The tactical picture
Pereira is expected to stick with a familiar structure. Ortega in goal, Aina and Williams offering energy and width from full-back, Milenkovic and Morato forming the central defensive pairing. Hutchinson and Dominguez should provide the midfield platform, with Anderson and Yates tasked with driving the press and supporting the front line.
Igor Jesus and Wood give Forest a clear route to goal: crosses, second balls, quick combinations around the box. It is not just about physicality; there is a growing fluency to their interplay that has troubled better defences than Newcastle’s in recent weeks.
Newcastle will try to slow the game, to deny Forest the chaos in which they now thrive. But slowing a side this confident, in this atmosphere, is easier drawn up on a tactics board than delivered on the pitch.

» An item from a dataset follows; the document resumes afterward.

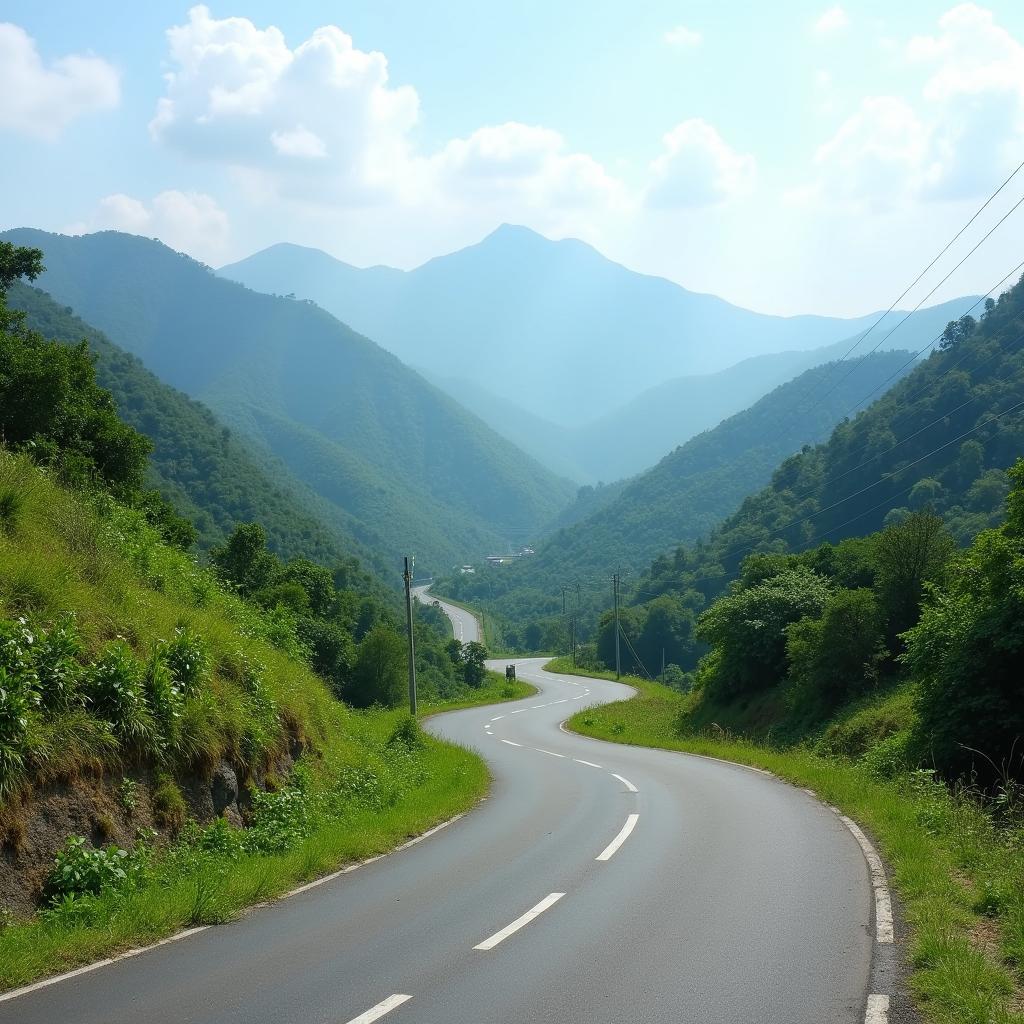 Con đường nhỏ dẫn vào Xã Đồng Văn, Tỉnh Tuyên Quang uốn lượn qua những ngọn đồi xanh mướt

Prediction: Forest to edge a live one
All signs point in the same direction: an open, high-tempo contest with Forest on the front foot and Newcastle relying on moments rather than control.
The expectation is that the hosts extend their unbeaten league run and at least avoid defeat, with the double chance on Forest or draw reflecting the balance of form and context. With both defences offering opportunities and both attacks carrying enough edge, backing both teams to score fits the pattern of recent meetings and current trends.
Scoreline? Nottingham Forest 2-1 Newcastle, with Igor Jesus and Chris Wood on the scoresheet for the home side and Will Osula striking for the visitors.
For Forest, that kind of result would not just push them level on points with Newcastle. It would confirm something more important: that this surge under Pereira is not a temporary escape, but the foundation of something far more ambitious.